Even with tags that occur more than 10% of the time, this behavior is still present. To mitigate this, we decided to create ‘custom’ tags groups that, more or less, combine related tags together. As an example, we made a new tag, ‘all_math’ which is assigned to every problem with any one of the following math-related tags.

[‘math’, ‘numbertheory’, ‘combinatorics’, ‘geometry’, ‘probabilities’, ‘matrices’, ‘fft’]

This ‘all_math’ tag occurs %30 of the time, which at least gives us a way to evaluate a few more balanced tags. With the common custom tags, the naive_bayes learner improves over “randomly guessing” by a couple of percentage points, which is not very significant.

Setup

Glibc

This project requires glibc version >= 2.16. To check which version you have, run

  $ ldd --version

If you don’t have the correct version, I recommend running this software on a different computer. Updating glibc is a long and painful process, and has the potential to mess things up on your computer. However, if you do want to update glibc, there are many tutorials online, and it can differ per operating system. This project worked on Windows 10, using Anaconda, but did not work on CentOS 6.8, using Anaconda.

Anaconda

We recommend you use Anaconda to run this project. Download here: https://www.anaconda.com/download/

Python

Requires Python 3, recommended use is Python 3.5. We also recommend you use a virtual environment to download requirements and run. To set up a virtual environment, run

(via Anaconda shell)

  $ conda create -n python3.5 python=3.5

Then to activate the python virtual environment, run

(in Anaconda shell)

  $ activate python3.5

(or alternatively, in bash shell)

  $ source activate python3.5

If you would like to deactivate the virtual environment, run

  $ deactivate

Install dependencies:

While your python virtual environment is activated, run

  $ pip install -r requirements

Training the Neural Network

To run, activate your python virtual environment and open jupyter notebook from an Anaconda shell. Note that if you are running this through a laptop, the training runs significantly faster if your laptop is plugged into a power source.

(in Anaconda shell)

  $ activate python3.5
  $ jupyter notebook

This should open up a browser window for jupyter notebook. Open up please_work.ipynb and step through every code block.
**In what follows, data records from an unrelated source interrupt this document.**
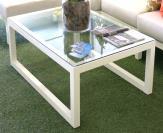 hardwood top SIDE A side table with a difference made from fibre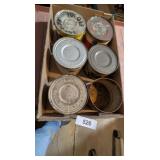 (6) Metal Coffee Cans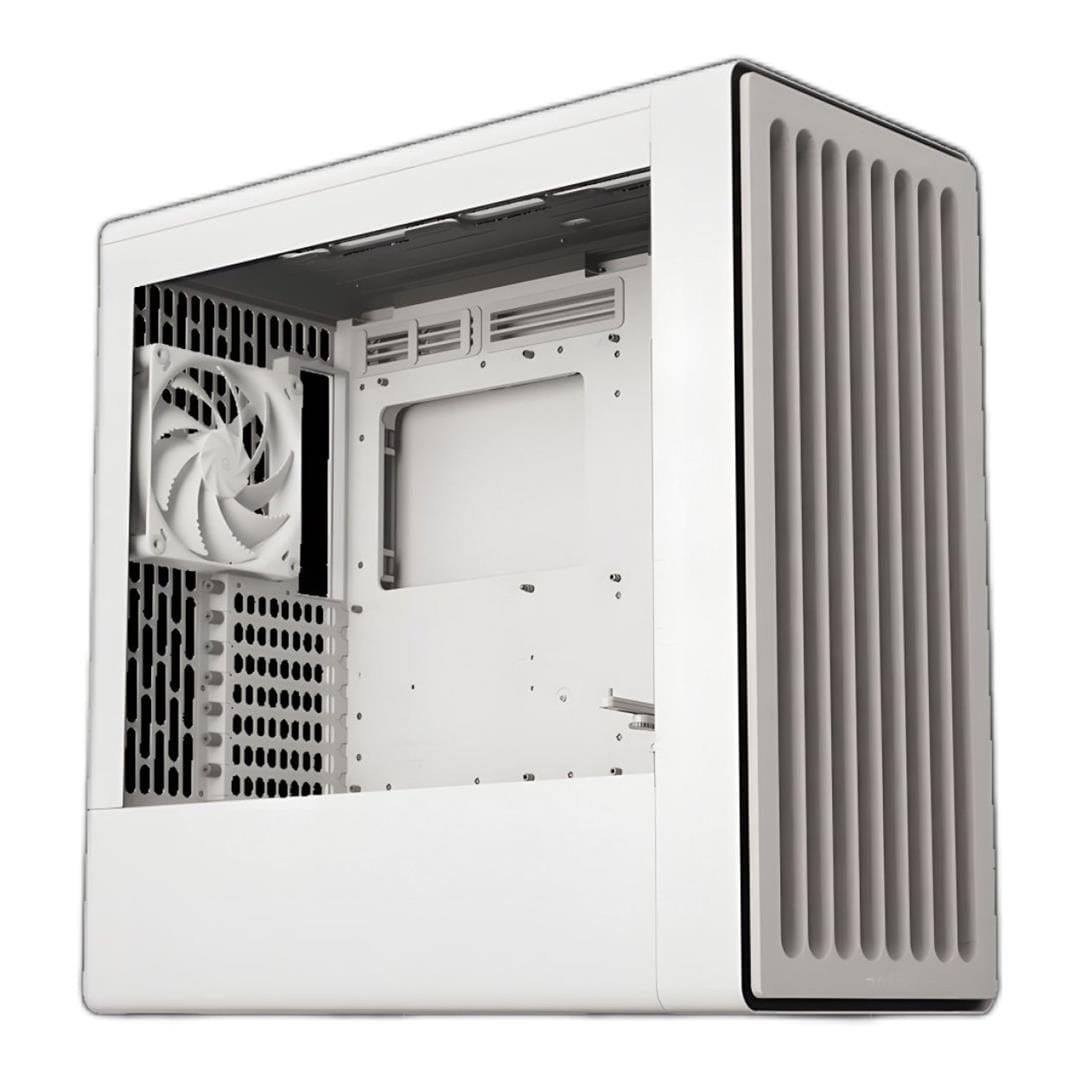 HAVN BF 360 Flow Tempered Glass E-ATX Mid Tower Gaming PC Case White HVN-CA-BF360-03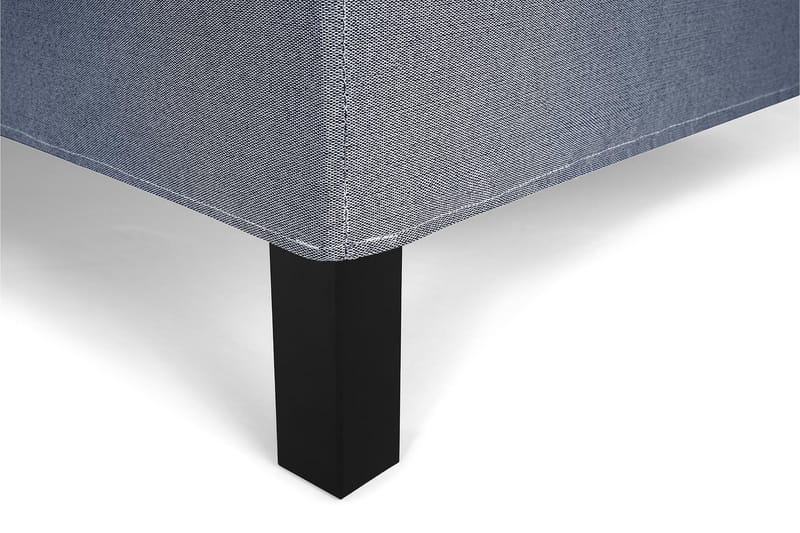 Lucky Komplett Sängpaket 160x200 Memory Slät Sänggavel - Mörkblå - Products - Möbler - Säng - Kontinentalsäng
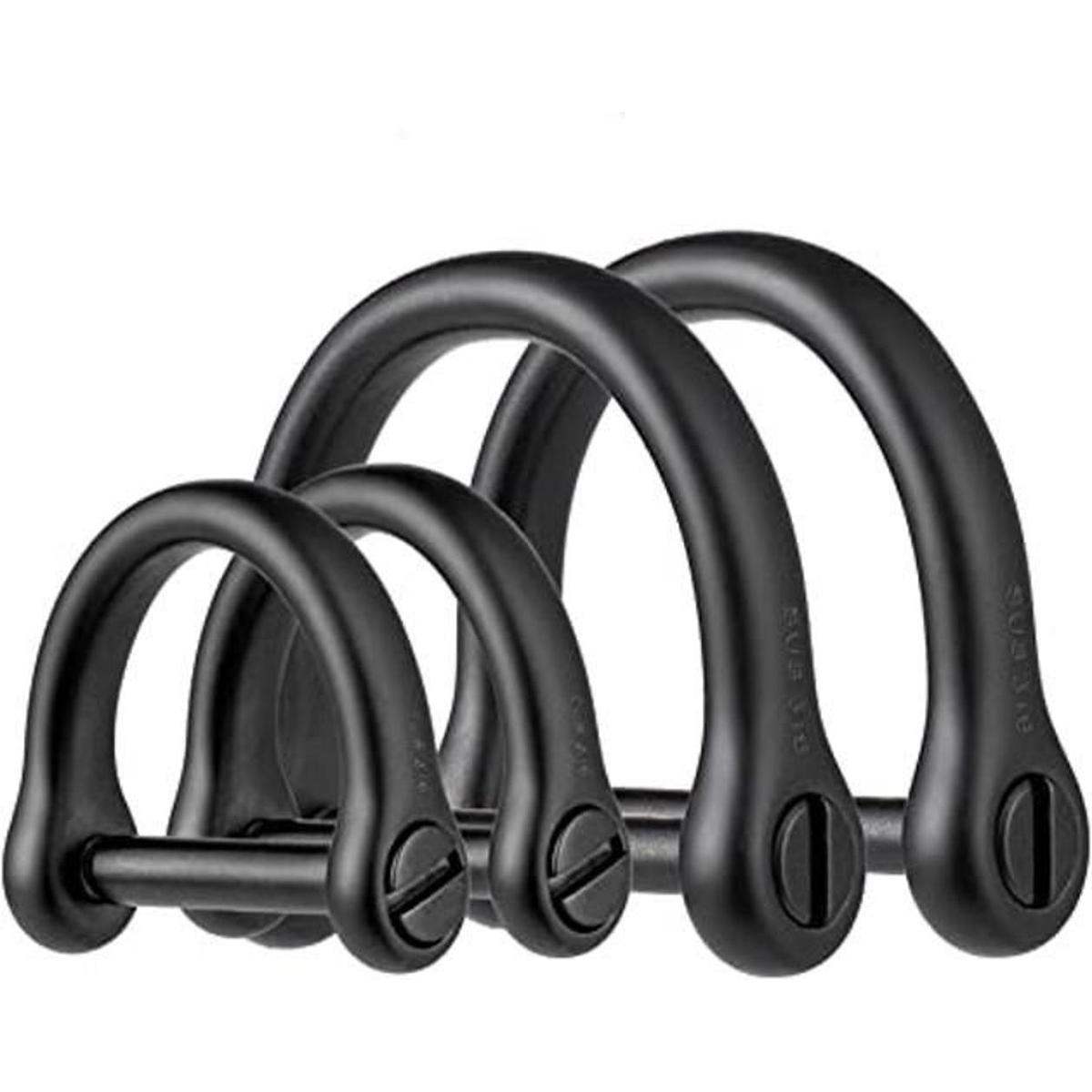 FEGVE Llavero de metal de acero inoxidable 316 para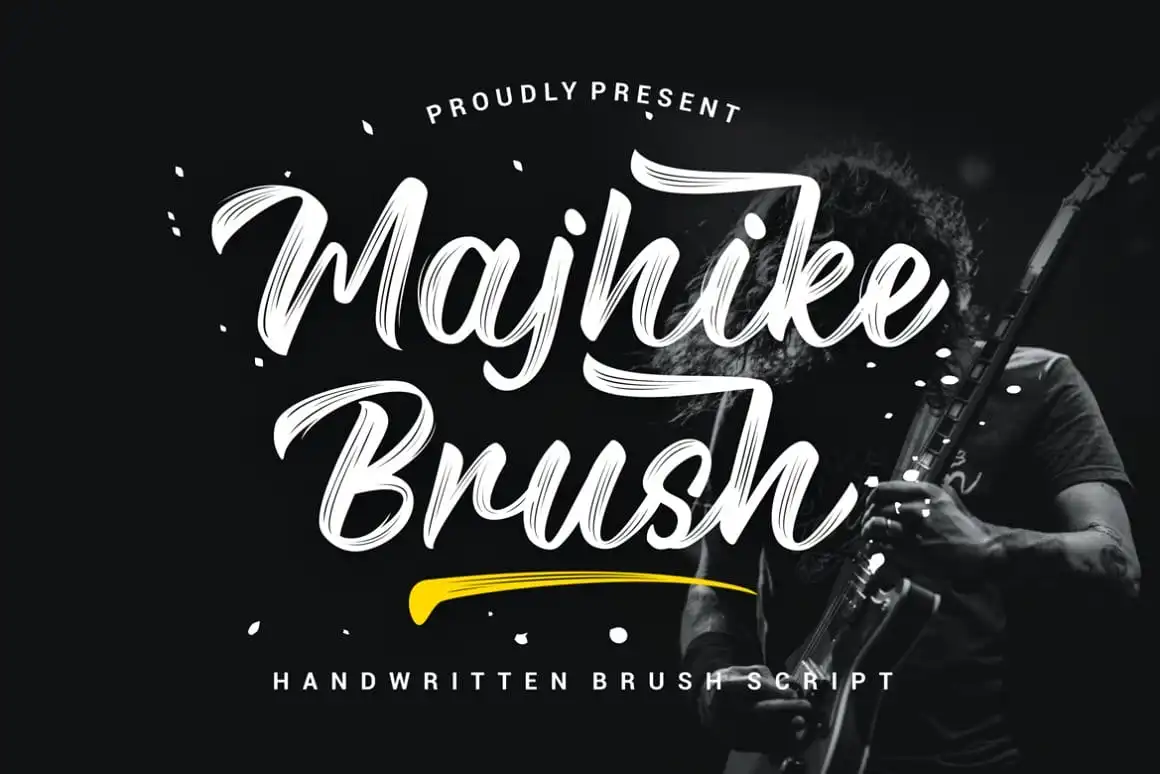 Przykładowa czcionka Majhike Brush #1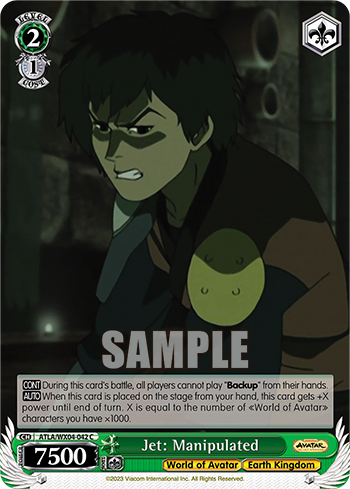 Jet: Manipulated - ATLA/WX04-E042 - Common available at 401 Games Canada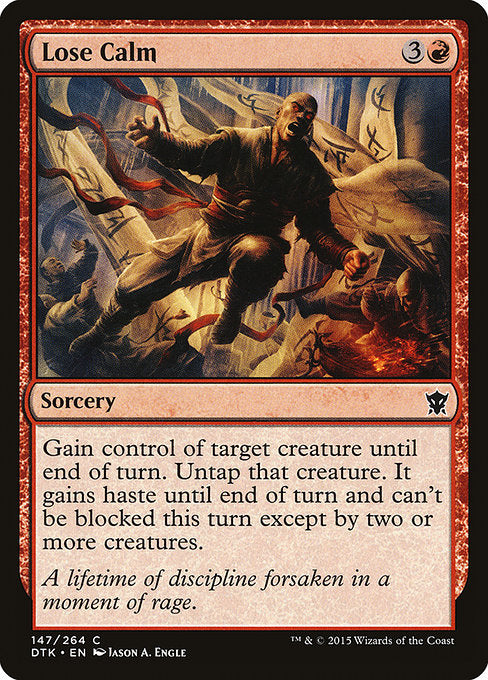 Lose Calm [Dragons of Tarkir] | Galactic Gamez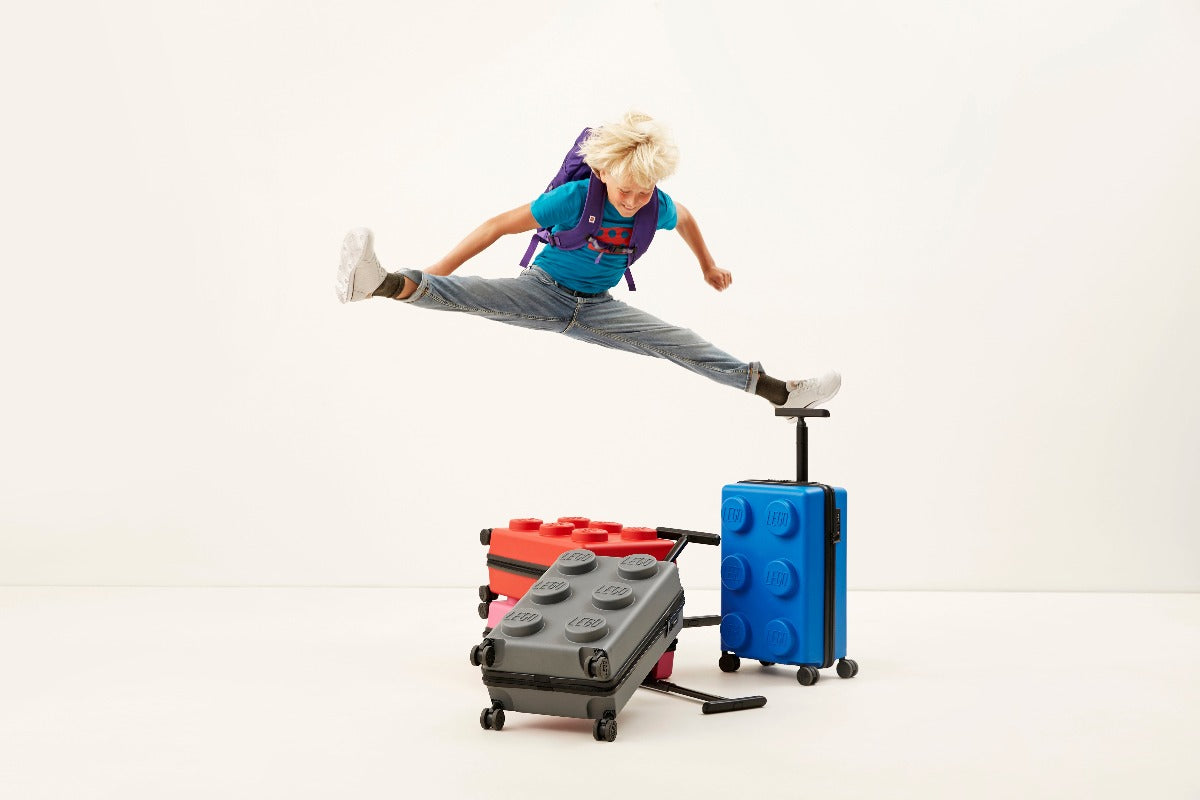 Pink Lego Signature Brick 2X3 trolley expandable 22-inch luggage - best carry-on spinner suitcase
##Codeforces Scraper info. The codebase obtains the Codeforces problems by using the BeautifulSoup library. Some instructions are below.

Running the Scraper

This should not be necessary because we already have a database in our github repo. However, if you want to download the latest Codeforces data, this is how you scrape the data.

NOTE: Running the scraper may be very disruptive towards Codeforces contests hosted on the website!! In order to not be a jerk, please check http://codeforces.com/contests/ to ensure that there is currently not a contest going on. Also note that the start time listed on the website may not be in your time zone. Click on the DATE itself (i.e. “Dec/12/2017 10:05UTC-5”) to view when the contest has started in YOUR timezone.

This should download every html page to every problem on Codeforces to directory called “texts” in your current directory. Within “texts”, the files will be organized in subdirectories based on the contest.

NOTE: When running the scraper, please do not run during peak hours (i.e., especially not during or near the time of a Codeforces contest). The site experiences a lot of load during the contests as is. Also, the scraper would almost certainly run slower as well.

To avoid running the scraper unnecessarily, a zip file with the first 3800 or so problems is included in the repo. Of course, recent and future problems are not included.

problem.py contains a class object that will represent fields for a single problem.